Wednesday, June 23rd, 2010

Back from a great trip to Baja and the Sea of Cortez, where we landed more than 15 species of fish casting and trolling flies off the inshore rocks, beaches, and flats. I'm always excited to see such diversity and land a new fish species because it gives me a good excuse to learn more about each one. I personally had an amazing trip in terms of news species. Because it was my first time flyfishing the subtropical Pacific nearly every species I landed was new to me, and I added 13 new species to my fly fishing life list, putting me over 70 and a lot closer to my goal of 100 before I hang up the rods and take up golf. I figured it would be fun to feature a few of the more interesting ones here on the FP.

The finescale triggerfish (Balistes polylepis) is one weird looking critter. According to mexfish.com, the finescale triggerfish “is characterized by its easily-recognized shape, with no distinctive markings, and a set of human-like, closely packed front teeth. It is drab in color, varying from gray to blue gray, to brownish gray. Mature specimens have bright neon blue markings on the head and edges of the fins when feeding or fighting aggressively and 'lit up.' " More scientifically speaking, according to fishbase.org: "Body compressed and deep; skin thick, with large, rectilinear, plate-like scales that are easily visible to the naked eye; mouth small; teeth strong and protruding, 8 in each jaw; dorsal fin with 3 spines and 26 to 28 rays; scales behind the gill openings larger than the neighboring scales; snout surrounded by scales."

These guys are known to inhabit rocky reef habitats, boulder covered slopes, and adjacent sandy areas in water 100 feet deep or less. That is exactly where we found them, with fish taking our flies aggressively as we retrieved them from boulder gardens out onto sand flats.

They are know to feed on sea urchins, small mollusks, and crustaceans, and must also feed some on baitfish as we caught them on both Clouser Minnow and Sea Habit type fly patterns fished down deep on sinking lines.

Mexfish.com goes on to say that the finescale triggerfish “reaches a length of approximately 20 inches and up to 7 pounds, and on light tackle might be the toughest fish pound-for-pound in the sea." I'd have a hard time totally agreeing with that statement, but only because I've had the chance to tangle with jack crevalle and Pacific amberjack, which get my vote as the toughest fighters I've met so far. The fight of the finescale triggerfish is definitely tough though: mostly bulldogging, and they use their oddly shaped body to stay down deep, but they can take some line and run too.
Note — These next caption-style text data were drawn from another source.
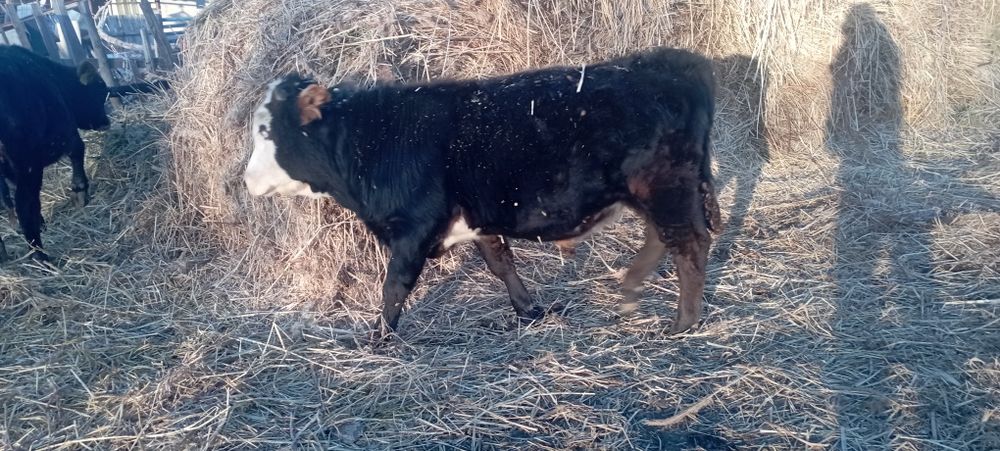 Подсостар сатылады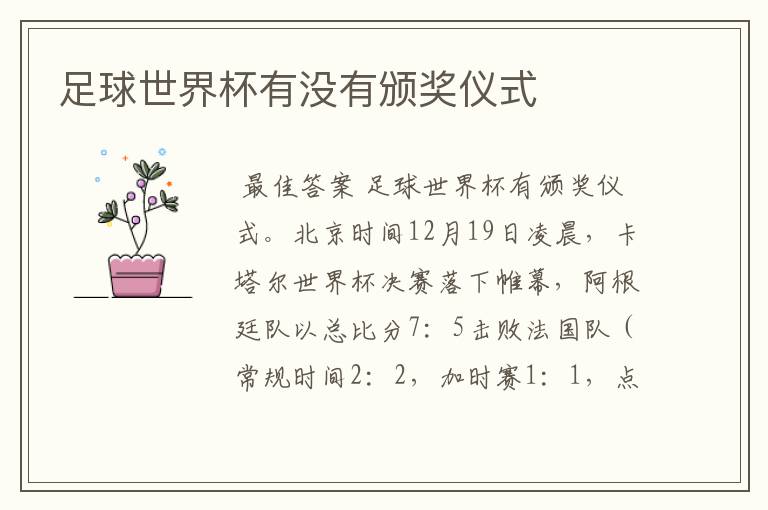 足球世界杯有没有颁奖仪式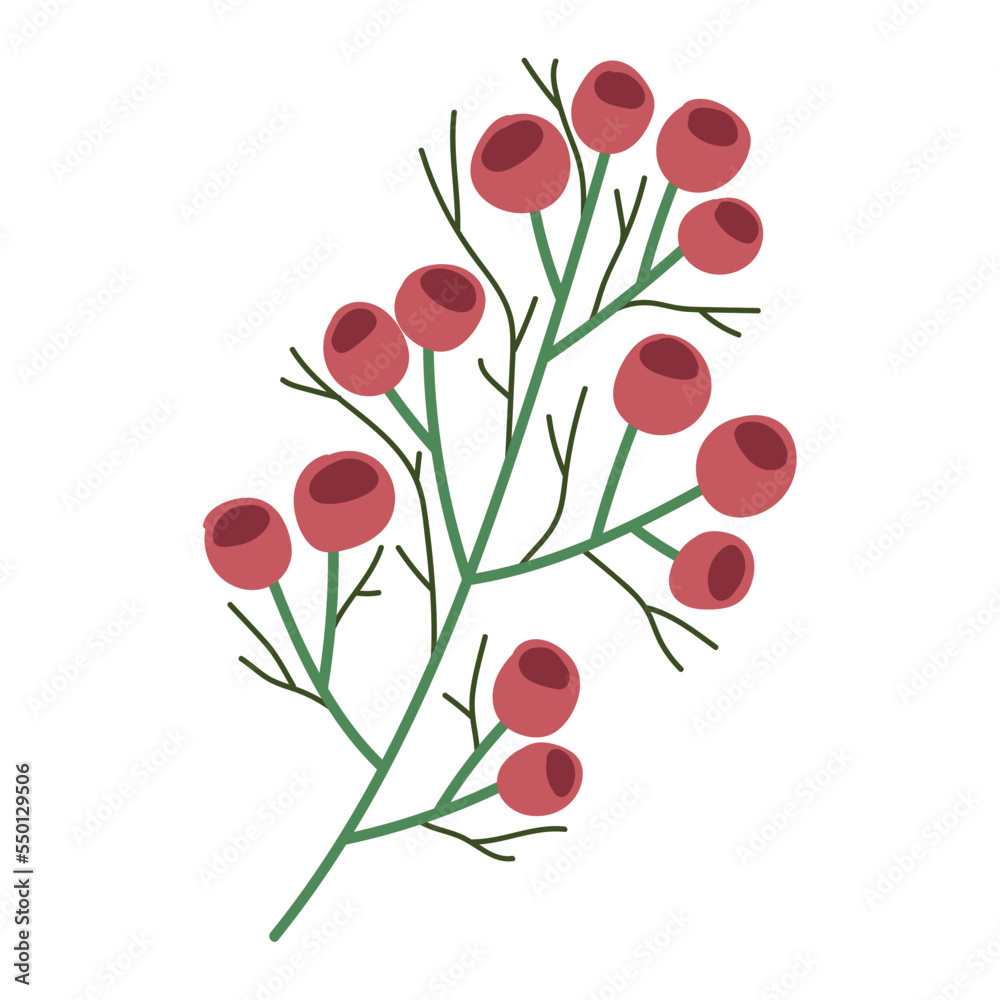 christmas branch berries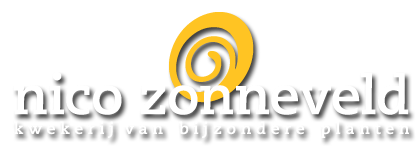 logo Nico Zonneveld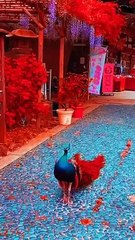 اجمل طاووس في العالم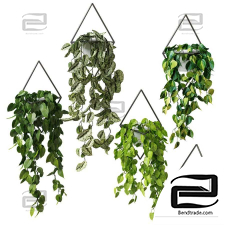 Ampel plants in wall planters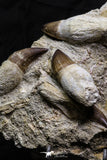 07022 - Awesome Associated 4 Mosasaur (Prognathodon anceps) Teeth Cretaceous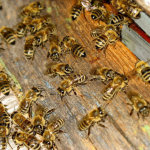 Больные нозематозом пчёлы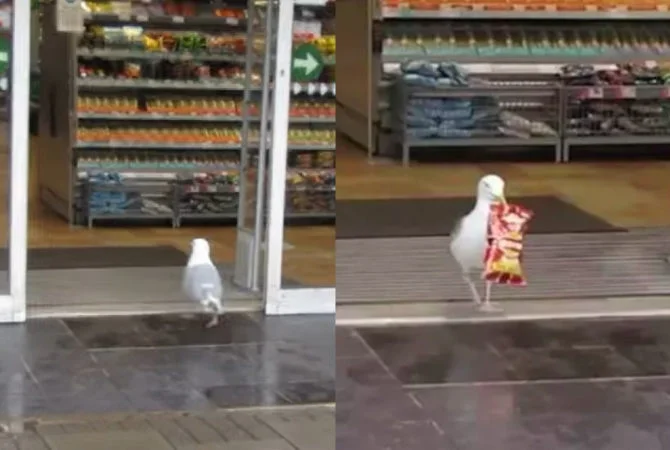 Gaivota invade e ‘furta’ salgadinho de supermercado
Perhaps the most interesting thing about triggerfish is how they get their name. The name comes from the crazy set of two dorsal spines that the fish uses to lock itself into crevices in the rocks when fleeing predators. The spines not only look like triggers, but the first, taller spine, once erect, cannot be physically pushed down flat unless the rear, smaller spine, or trigger, is pulled down and back first. When you "pull the trigger" then the front, taller spine can then be easily pushed down.

Keep casting. You never know what you might catch!